Church Of St Cohan is a Grade II listed building in the Cornwall local planning authority area, England. First listed on 30 May 1967. Church.
Church Of St Cohan
- WRENN ID
- hidden-cornice-gold
- Grade
- II
- Local Planning Authority
- Cornwall
- Country
- England
- Date first listed
- 30 May 1967
- Type
- Church
- Source
- Historic England listing
Description
The Church of St Cohan is a ruined church that likely dates from the 13th, 14th, and 15th centuries. It is constructed from slatestone with granite dressings and features a nave, chancel, west tower, south aisle, and south porch. The north wall has a 3-light flat-headed window with a hoodmould, probably from the 15th century, alongside a small window with its frame fallen to the right. The east wall displays a 15th-century window with three identical trefoil-headed lights in the chancel gable and a similar one in the aisle gable. The south wall features a 2-light cusped window; the porch has a nearly round-headed doorway that may be from the 17th century, and an inner pointed doorway that likely dates from the 13th to 14th centuries but was moved when the aisle was built. To the right of the porch are two 15th-century 3-light cusped windows, while the fourth window is a 19th-century cusped 2-light wooden window, with a pointed door to the far right. The slender tower, possibly from the 14th century, has two stages with diagonal corner buttresses and a pointed west doorway, above which is a glazed 2-light window set in an earlier arched opening. The standard A type arcade has collapsed, but the west respond retains part of its 4-centred arch. There is a piscina in the east respond facing the altar position and a niche to the left of the altar position. Some red paint on the inner south wall plaster may date from the early 19th century, while early 16th-century murals on the splays were confirmed in the early 1970s.
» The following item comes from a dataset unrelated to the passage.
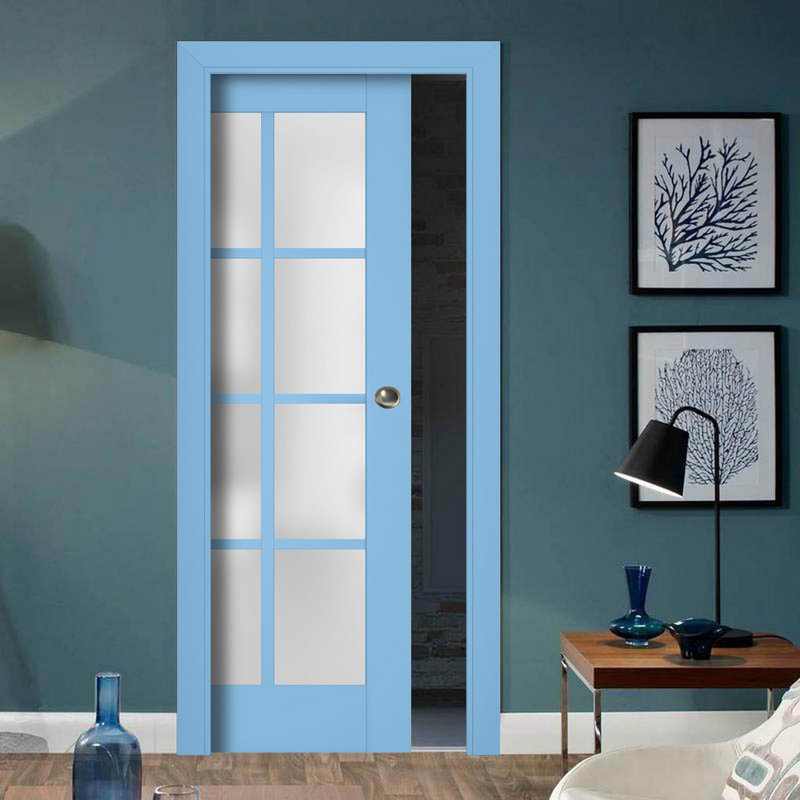 Porte de placard coulissante Veregio, 36 po x 80 po, Bleu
Pevsner reported in 1970 that the church was neglected. In 1951, the aisle roof was described as an ovolo-moulded waggon roof with a carved east bay, while other roofs were noted as post-medieval in the statutory list description. The church is now roofless and substantially overgrown. A 12th-century font, a figure of Saint Antony, and a 17th-century pulpit have been moved to Tresillian Church. In the churchyard, there is a cross with a wheel head that has four crudely pierced holes to separate the arms, and the shaft is decorated with small irregular holes, similar to those found at Roche, along with two stud-like bumps, comparable to those at Mylor. According to Pevsner, the churchyard is now so overgrown that the cross could not be found, but it probably still exists.